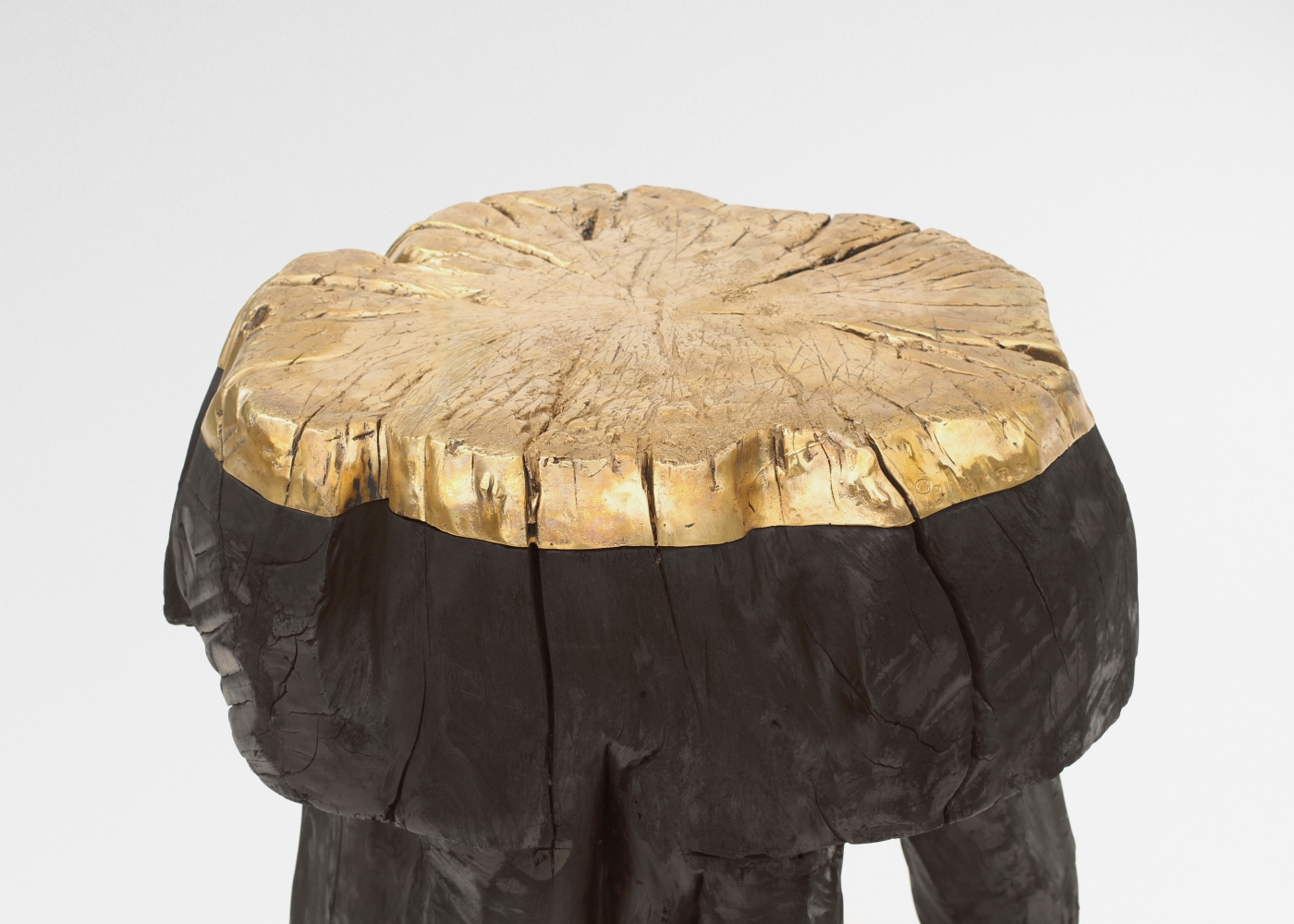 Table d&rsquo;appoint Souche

----

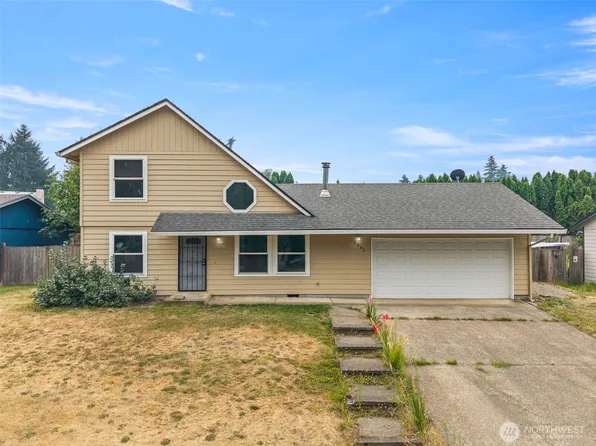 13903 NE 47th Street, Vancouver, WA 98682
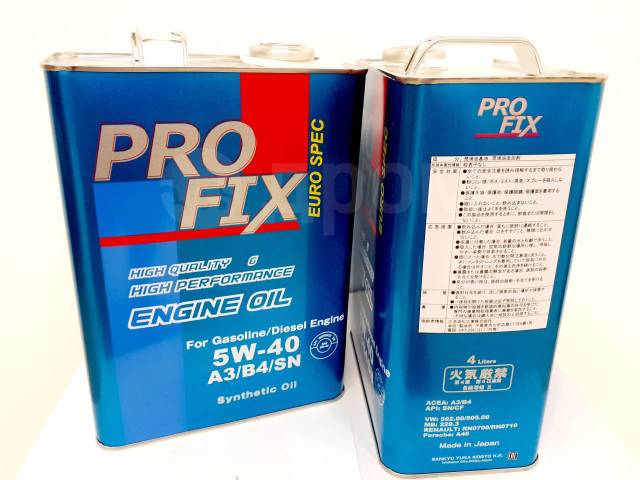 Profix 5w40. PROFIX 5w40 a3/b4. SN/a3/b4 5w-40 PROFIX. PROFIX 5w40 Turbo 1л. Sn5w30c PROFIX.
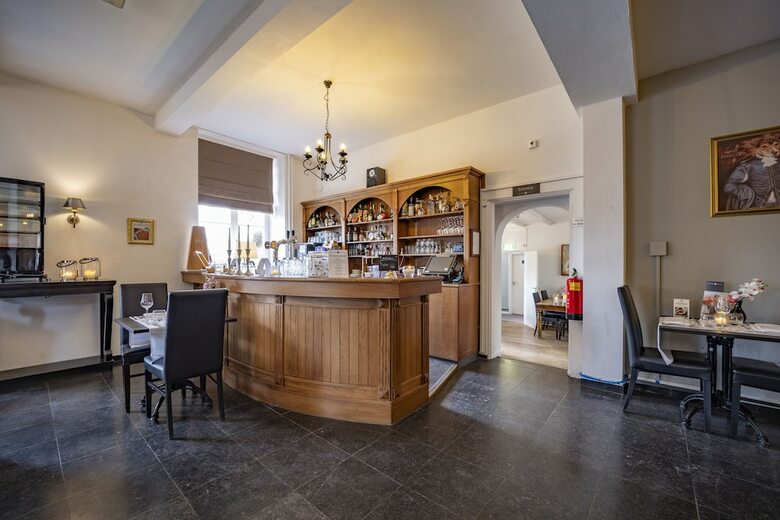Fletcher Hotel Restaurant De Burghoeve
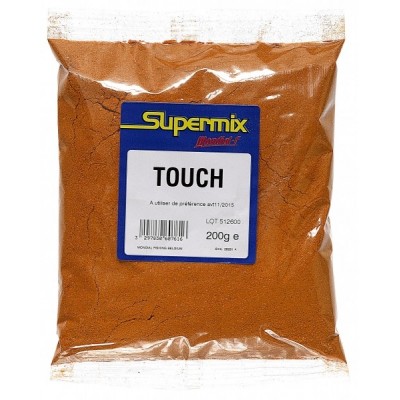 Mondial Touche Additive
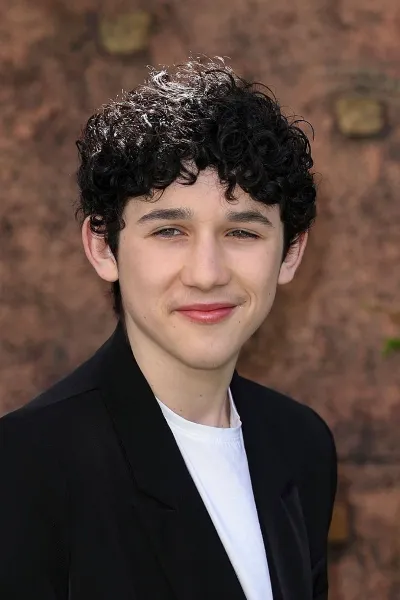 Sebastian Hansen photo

----

● **Work to complete**: In the listing above, find the line containing "Fletcher Hotel Restaurant De Burghoeve" and the line containing "Sebastian Hansen photo", then write out both of them and every line between, exactly, with no pictures.

● **Response to this exercise**:
Fletcher Hotel Restaurant De Burghoeve
 Mondial Touche Additive
 Sebastian Hansen photo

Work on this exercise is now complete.